Poh Heng never submitted the cash transaction report in this case, and it was not a case where it was filed late, she said.


Defence lawyer Terence Tan from Drew & Napier asked instead for a fine of S$4,000, saying that this was an offence "that occurred despite my client's best efforts".

He said Poh Heng had taken "great steps" to try and comply as best as it could after the introduction of the provision requiring such cash transaction reporting.

It sent out emails to its staff members informing them of the need to file such reports days after receiving word about the requirement.

Poh Heng has been in business for more than 70 years but this is its first offence.

"It is testament to their willingness and regard for the law that they are a first-time offender in 70 years of business," said Mr Tan, adding that his client was genuinely remorseful.

After discovering this particular failure to report, the company introduced "a more refined and detailed standard operating procedure, to ensure that in the future, there will be no further instances of failure to file cash transaction reports".

Further training of its employees was also conducted, in what the lawyer described as his client effectively "rehabilitating" itself.

Poh Heng also had "no knowledge of any underlying criminal purpose", and it would be "wrong for my client to be punished additionally for something it had no part in or had no knowledge of", said Mr Tan.
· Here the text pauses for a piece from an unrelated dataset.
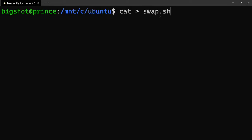For shell programming, you can use a .sh file extension. If you want to type the program, you can use 'echo -n' to print on the same line, or you can use 'printf' similarly to print on the same line.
The prosecutor replied that "harm was still caused" despite Poh Heng's lack of knowledge that the money was from criminal proceeds.
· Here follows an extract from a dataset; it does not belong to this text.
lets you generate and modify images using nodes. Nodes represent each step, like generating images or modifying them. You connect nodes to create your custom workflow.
The judge agreed with the prosecutor that general deterrence is required in this case, and that such offences are difficult to detect. While he acknowledged that Poh Heng has taken measures, the initial steps it took "weren't enough".

The company could have been fined up to S$20,000 for the offence.

Poh Heng's managing director Chng Hwee Siang told CNA in a statement after the hearing that Poh Heng has been running its business "with a strict code of conduct and ethics".

"While all employees were inducted with the company’s (standard operating procedure) SOP and policies, we believe that we are still responsible for the oversight in reporting the cash transaction in question," said Madam Chng.

"We regularly review our existing in-house regulatory measures, however since this incident we have become more vigilant and are underway in spearheading a series of best practices to ensure thorough review and audits of our SOPs and processes for all staff and branch managers so that this does not happen again."